**** EXERCISE MATERIALS
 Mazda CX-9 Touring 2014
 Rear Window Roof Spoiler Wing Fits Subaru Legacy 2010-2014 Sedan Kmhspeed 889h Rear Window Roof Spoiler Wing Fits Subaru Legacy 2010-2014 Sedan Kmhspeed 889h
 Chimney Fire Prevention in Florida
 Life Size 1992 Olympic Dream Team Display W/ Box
********
**** EXERCISE MATERIALS
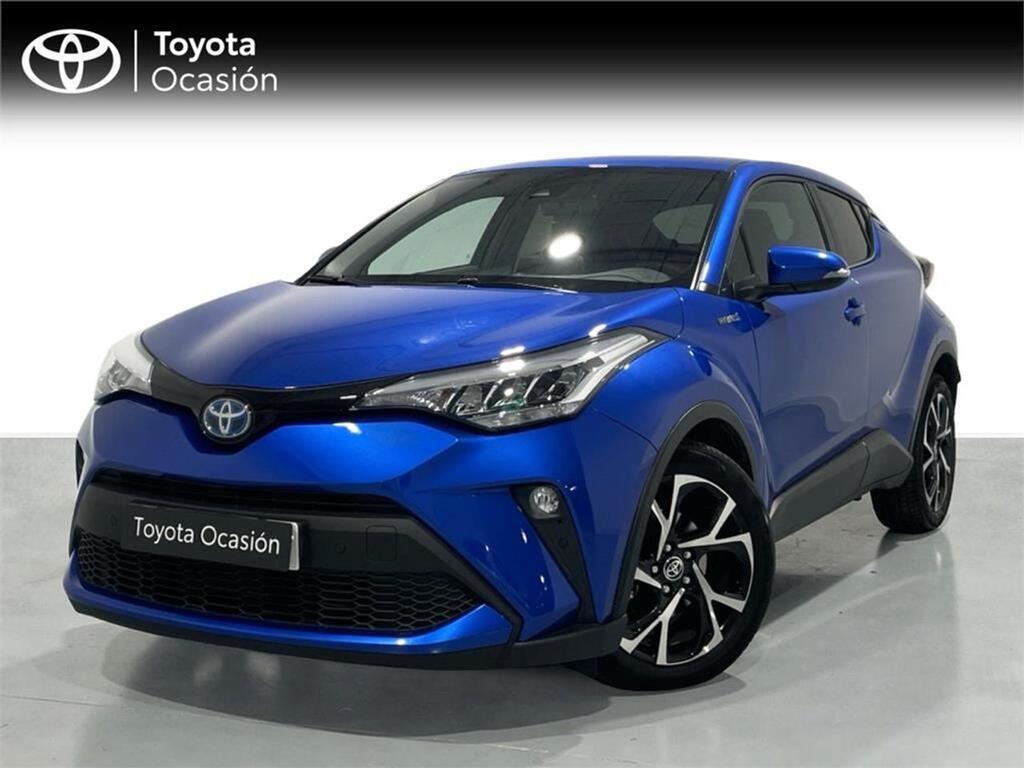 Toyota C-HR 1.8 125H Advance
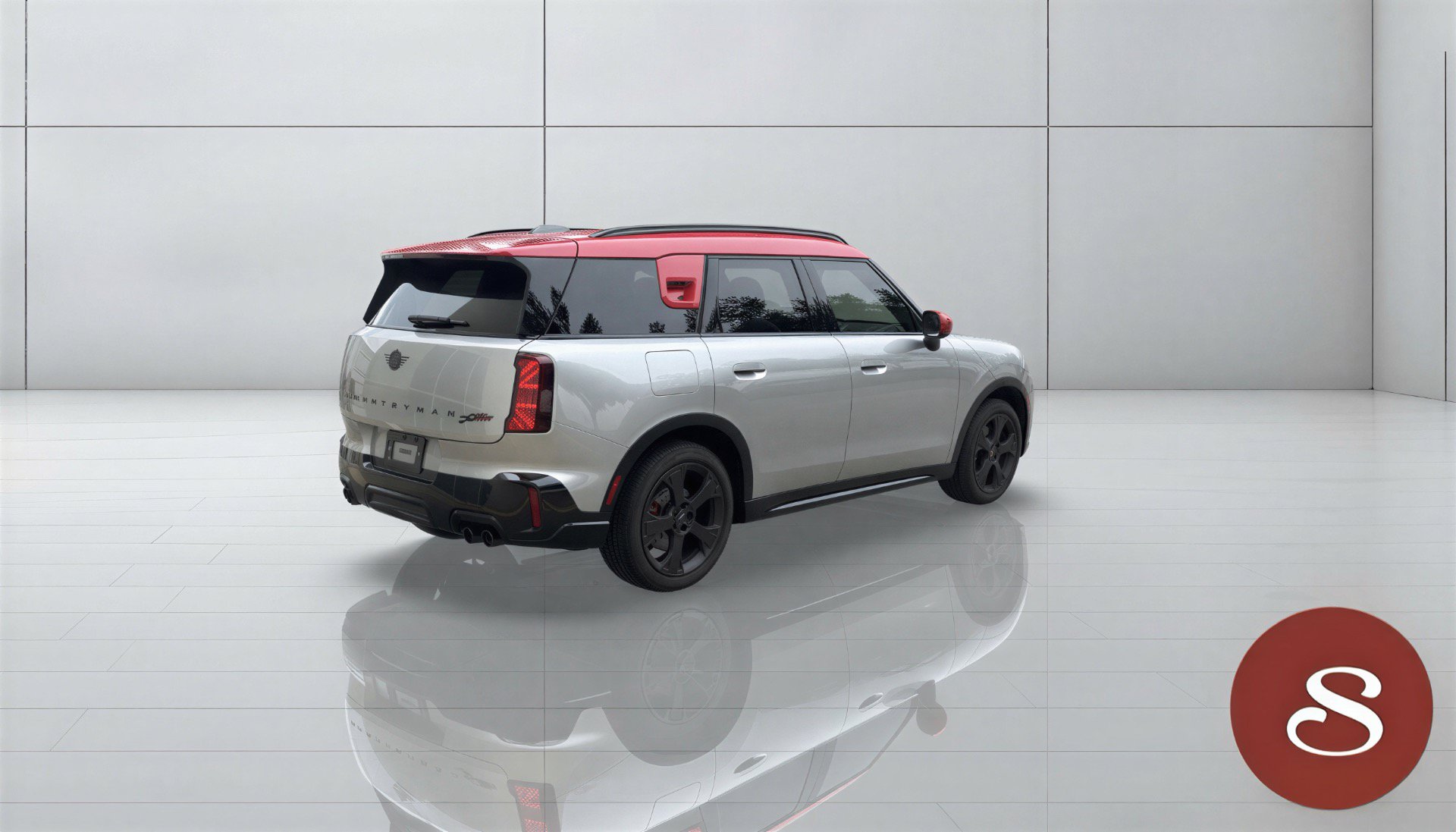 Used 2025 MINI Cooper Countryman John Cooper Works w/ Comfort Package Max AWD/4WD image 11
********
**** EXERCISE MATERIALS
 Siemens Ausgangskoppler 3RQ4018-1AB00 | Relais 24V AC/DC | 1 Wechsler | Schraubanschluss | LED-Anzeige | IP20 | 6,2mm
********
§ **WHAT THE EXERCISE ASKS**
Copy out, exactly and alone, the lines of the entries above between the ones holding "Mazda CX-9 Touring 2014" and "Life Size 1992", inclusive.

§ **TASK RESPONSE**
 Mazda CX-9 Touring 2014
 Rear Window Roof Spoiler Wing Fits Subaru Legacy 2010-2014 Sedan Kmhspeed 889h Rear Window Roof Spoiler Wing Fits Subaru Legacy 2010-2014 Sedan Kmhspeed 889h
 Chimney Fire Prevention in Florida
 Life Size 1992 Olympic Dream Team Display W/ Box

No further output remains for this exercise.